Life Recipes

Tuesday 25 July 2017

This super simple Marinara sauce is a fantastic alternative to supermarket jars

Marinara sauce. Photo: Mark Duggan
Marinara sauce. Photo: Mark Duggan

Aoife McElwain

This week I'm sharing one of our regular tomato sauces, a simple Marinara.

The secret to a great Marinara is a generosity in spirit when it comes to garlic, and a good splash of white wine cooked off in the sauce. In the summer months, making this sauce with fresh tomatoes would make it even more delicious but just get the best quality of everything you can for this, from the spaghetti to the tinned tomatoes. It's simple, speedy, stress-free yet still delicious.

Simple Marinara Sauce

Serves 2

Prep Time: 10 minutes

Cooking Time: 45 minutes

INGREDIENTS

Olive oil

1 small onion

5 cloves of garlic

A splash of white wine

1 x 400g tin of chopped tomatoes

1 tablespoon of brown sugar

Salt and pepper

150g of spaghetti

Handful of fresh parsley and basil, finely chopped

Handful of finely grated Parmesan

METHOD

1. Heat a little olive oil in a large frying pan over a medium to high heat. Peel and finely dice the onion and the garlic cloves. Add to the pan and cook gently for about 10 minutes or until the onions are translucent, being careful not to burn either the onions or the garlic. You could also add some bacon lardons or a few cubes of good quality chorizo here for a boost of smokey flavour if you like.

2. Add splash of white wine (about 75ml is what you're looking for) to the onions and bring to a simmer, increasing the heat a little if you have to. Cook until the wine has pretty much evaporated. That will take another five minutes or so.

3. Add the tinned tomatoes, sugar and a generous pinch of salt and pepper. Stir well and bring to a simmer. Let it bubble away gently for 20 to 30 minutes, until the sauce has thickened.

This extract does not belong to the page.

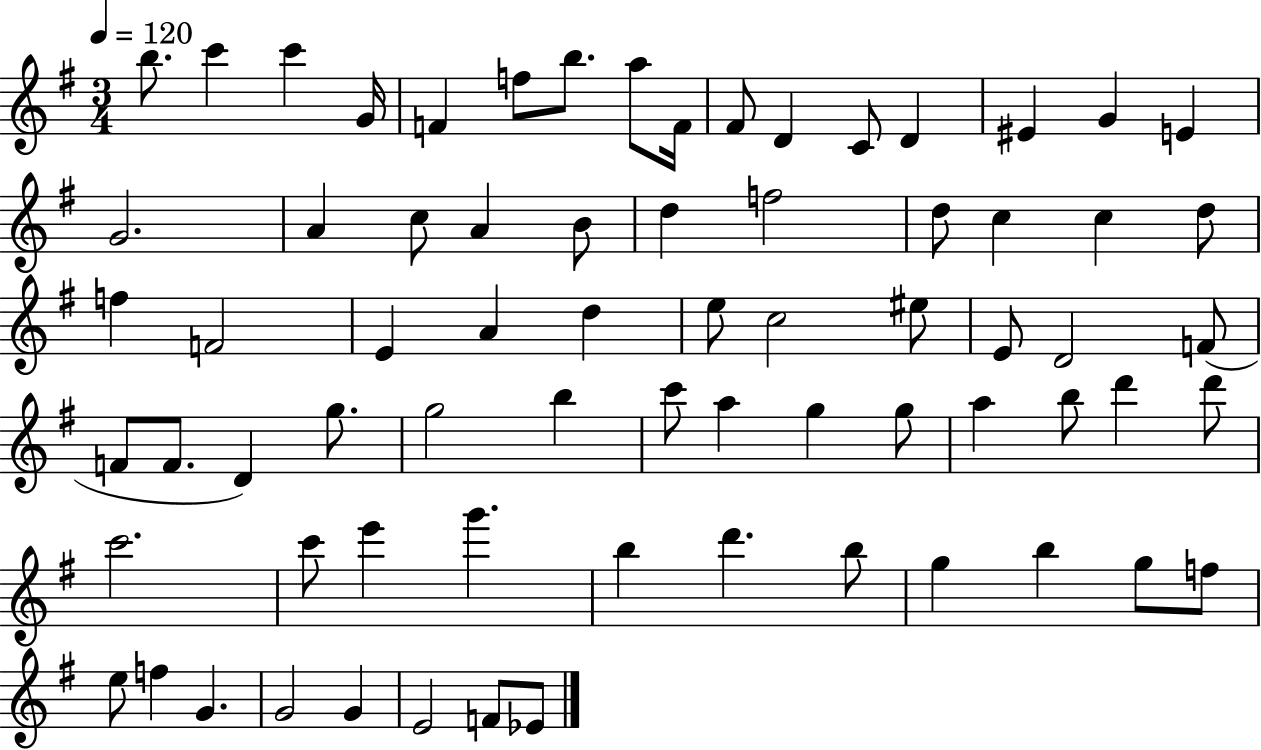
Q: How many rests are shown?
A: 0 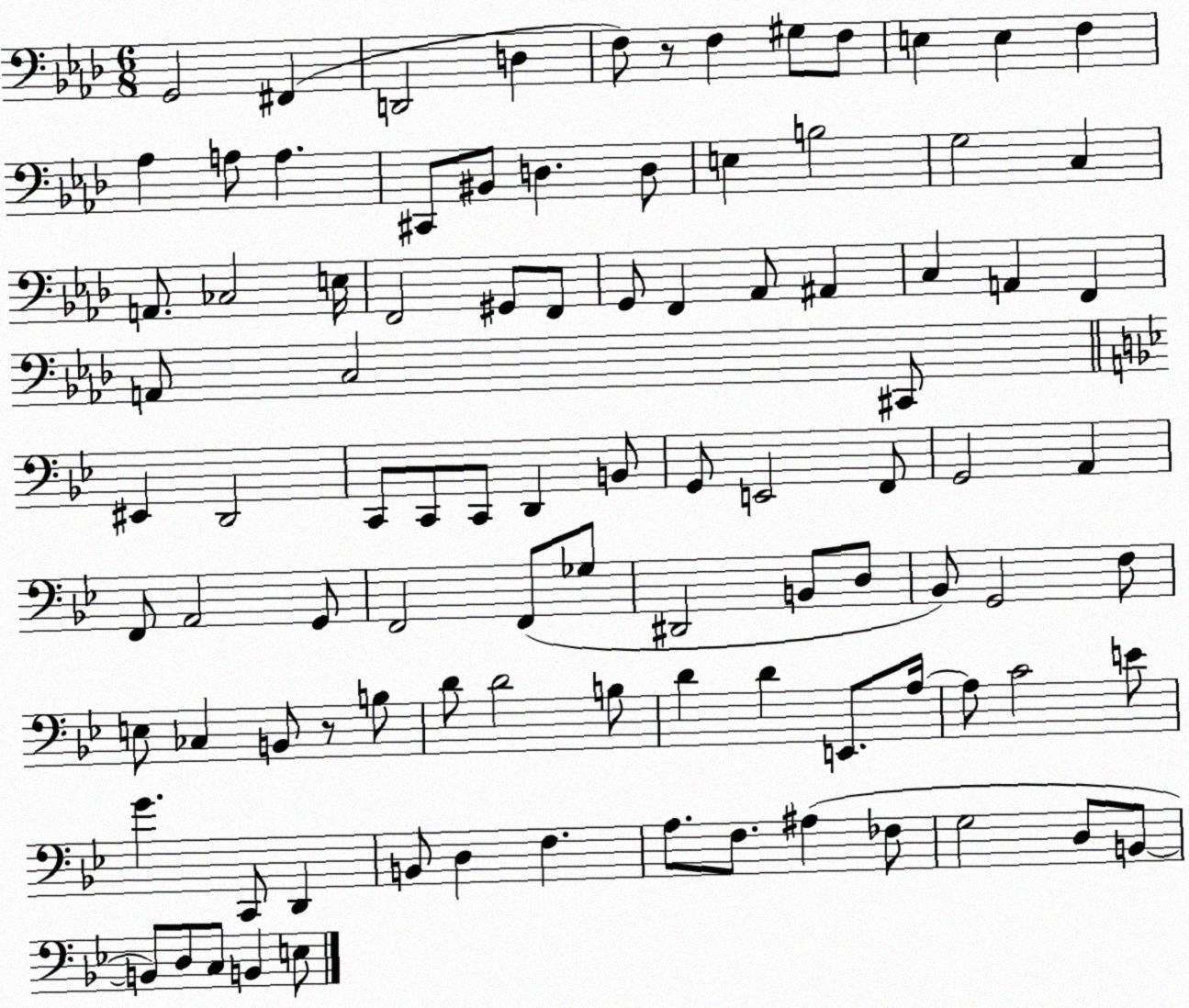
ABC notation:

4. When the sauce is almost done, cook your spaghetti according to the packet's instructions. My method is to bring a pan of water to the boil. I add a good pinch of salt and a drizzle of olive oil to the water before I add the spaghetti. Once the water has returned to the boil, the spaghetti usually takes about 9 minutes but do check the packet for further instructions. Drain the pasta and mix the spaghetti with the sauce.

5. Serve the pasta with a sprinkling of freshly chopped parsley and basil, and a sprinkling of grated Parmesan.

This week's storecupboard essential:

Tinned tomatoes: While we wait out the winter, it's essential to have a good stock of high-quality tinned tomatoes in your store cupboard. Like anything, tinned tomatoes can vary massively from tin to tin. Personally, I find the De Cecco brand really reliable and I also recommend Bunalun Organic tinned tomatoes for great flavour.